## What to produce
Leave the pictures behind and reproduce every line of the listing exactly.

Dataset section section start

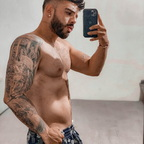 Leaked santiagogpalacio onlyfans leaked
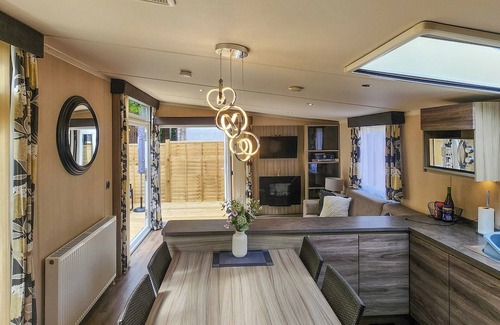 Yarmouth Cottage | 2 bedroom accommodation in Hamstead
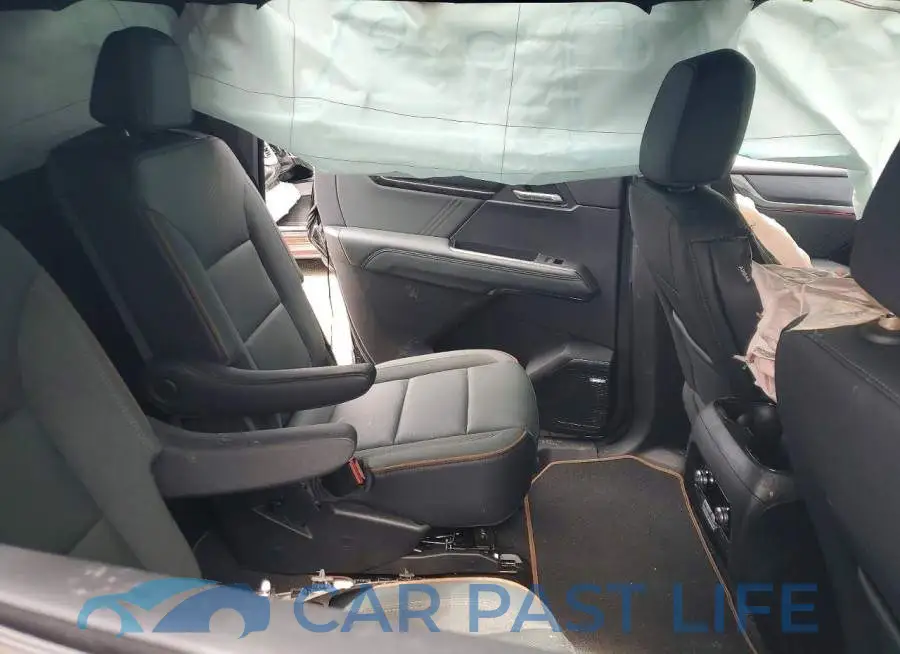 1GKENPKS3RJ163865# 11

Dataset section section end

## Reply
 Leaked santiagogpalacio onlyfans leaked
 Yarmouth Cottage | 2 bedroom accommodation in Hamstead
 1GKENPKS3RJ163865# 11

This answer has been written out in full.